A liderança ideal? Aquela que sabe equilibrar sensibilidade e pragmatismo. Cuidar e entregar. Escutar e agir.

Uma provocação pessoal

Nos últimos meses, tenho conversado com líderes de mercado, donos de agência, executivos de grandes marcas, gestores de time. E tem algo que tem me atravessado com força: a maioria está exausta. Não só física ou mentalmente. Mas emocionalmente esvaziada. Um cansaço que vai além das horas extras: é o peso de um sistema que não inspira mais.

Gente que não acredita mais no formato. Gente boa, talentosa, mas anestesiada — sem desejo, sem criatividade, sem coragem pra tentar diferente.

Mas, às vezes, uma fresta de luz entra.

Numa mesa recente, parabenizei uma mulher pela gravidez e vi seus olhos brilharem com força. Em outra conversa, escutei com alegria o relato de quem está empreendendo, conectando pessoas, testando ideias, falhando — mas vivo.

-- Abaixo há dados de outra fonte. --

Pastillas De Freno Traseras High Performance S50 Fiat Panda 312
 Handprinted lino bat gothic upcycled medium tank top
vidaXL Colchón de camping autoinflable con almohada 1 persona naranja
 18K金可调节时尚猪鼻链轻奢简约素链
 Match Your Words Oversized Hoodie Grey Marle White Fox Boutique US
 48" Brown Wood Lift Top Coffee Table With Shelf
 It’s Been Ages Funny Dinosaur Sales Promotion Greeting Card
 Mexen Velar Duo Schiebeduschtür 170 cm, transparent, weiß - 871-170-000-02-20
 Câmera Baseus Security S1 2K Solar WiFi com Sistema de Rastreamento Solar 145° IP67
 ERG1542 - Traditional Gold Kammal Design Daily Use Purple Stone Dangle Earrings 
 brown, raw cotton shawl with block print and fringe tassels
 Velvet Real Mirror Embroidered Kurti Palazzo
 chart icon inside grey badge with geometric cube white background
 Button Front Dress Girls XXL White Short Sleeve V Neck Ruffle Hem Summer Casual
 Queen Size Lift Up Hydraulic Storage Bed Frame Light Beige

Ou ainda o brilho nos olhos de um ex-C-level que hoje lidera uma associação com o mesmo entusiasmo de um jovem em primeiro emprego. Esses brilhos me lembram do que a Carla Tieppo chamou de “entrega pelo desejo”.

Talvez o desafio da liderança contemporânea não seja apenas sobre novas ferramentas ou metodologias. Talvez seja, acima de tudo, sobre resgatar o desejo. Desejo de se vincular. De criar. De acreditar que vale a pena fazer junto.

Porque sem desejo, o trabalho esgota. Com desejo, ele pulsa.